Monday, 25 January 2010

The Edge of Heaven [2007]


Fatih Akin’s The Edge of Heaven is a morally and psychologically complex tale on human nature – the inherent fallibility in human character, and his futile attempts at reconciling with his life and love. Given that Akin is of Turkish origin, but was born and brought up in Germany, political and cultural diasporas of both the countries form the perfect setting for the rich, temporally fractured tale of three sets of unconnected parent-child pairs brought together through subtle interventions of ‘fate’ – a short-tempered hard-drinking Turkish immigrant and his quiet, educated professor-son; a prostitute living on the streets of Hamburg and her anarchist daughter who’s part of a radical political outfit in Turkey; and, a disapproving German lady and her rebellious daughter. Coincidence plays a strong role as the six fiercely independent yet lonely individuals (incidentally or accidentally) embark a tragic collision course through the vicious cycle of love, loss and their various repercussions. Continuing on the theme of death and bereavement, the emotionally charged movie is gritty like Head-On (though certainly not as much), with an elegiac tone that is deeply affecting. The acting, it ought to be mentioned, is very good without ever being flashy or spectacular.








Director: Fatih Akin
Genre: Drama/Psychological Drama/Political Drama/Ensemble Film
Language: Turkish/German
Country: Turkey/Germany

8 comments:

Just Another Film Buff said...

Ah Yes. And a marvelous ending. No one felt like leaving the theatre even after the credits rolled on...

Shubhajit said...

Yes, I'm completely with you on this. A fine movie indeed.

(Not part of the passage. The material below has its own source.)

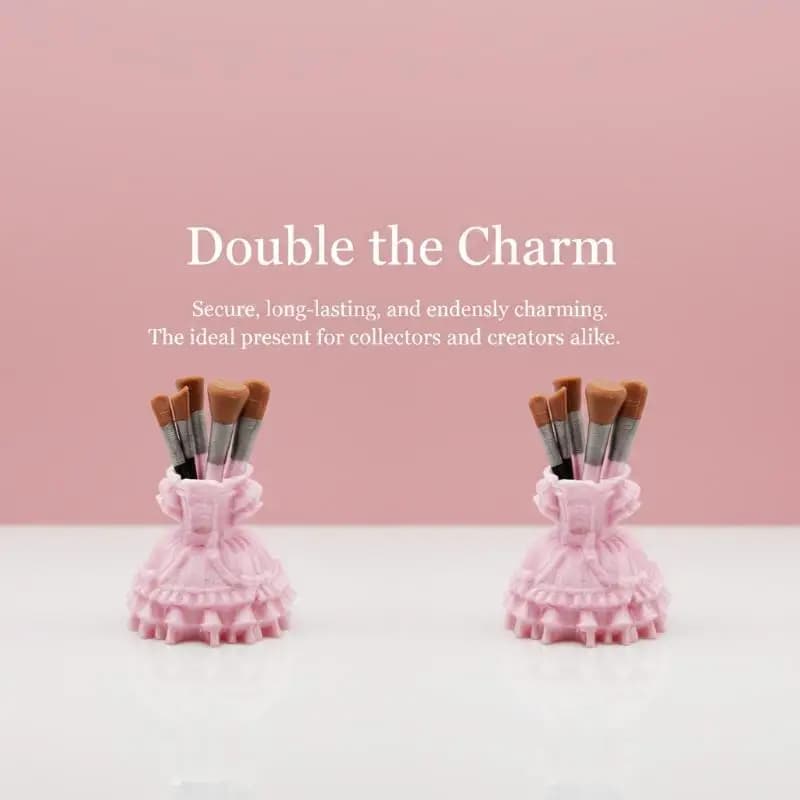 Set of Doll House Accessories in Ladder 1/12, Makeup Brush Model with Simulated Ball Gonna for DIY Decoration ♪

Thanks for stopping by.

Kogi Kaishakunin said...

I loved the way the film showed the disparate cultures living in Turkey meeting and clashing...

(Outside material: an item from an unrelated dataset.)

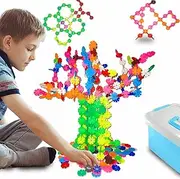 Building Blocks 400 Piece Interlocking Plastic Disc Set - Creative and Educational Toys Building Flakes Montessori Toys - A Great Stem Toy for Both Boys and Girls(Over 3 Year Old)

http://negativeslens.blogspot.com/2009/06/edge-of-heaven.html

Shubhajit said...

Thanks man for sharing your review of the movie. Yeah, clash of disparate cultures forms an important part of the movie.

Alex DeLarge said...

Made my Top Ten list last year: we have very similiar tastes in film:) Great write-up once again.

The film veered towards melodrama but knew when to pull back from the brink, and the performances were powerful. I have this reviewed on my blog too.

Shubhajit said...

Thanks a lot Alex for your kind words. I follow your blog very regularly, and to think that we have very similar tastes - that feels great indeed :)

I just read your review of the movie, and loved it.

Daniel Getahun said...

Great capsule on this one, though I have to admit I didn't enjoy it as much as I would have hoped due to the credibility of all the coincidences. I know this is part of Akin's brand (as well as other German directors, namely Tom Tykwer), but for whatever reason logic was stretched too thin for me in this one. Still, I named Nurgül Yeşilçay as easily one of the most overlooked performances of last year.

Looking forward to Akin's next film, I believe due out this year.

Shubhajit said...

Thanks a lot again, Daniel, for stopping by and sharing your views.

Reading your views I realise this might be the kind of movie that doesn't necessarily generate overwhelming praise from all its viewers. And that's good, I guess, cos that might start lively discussions.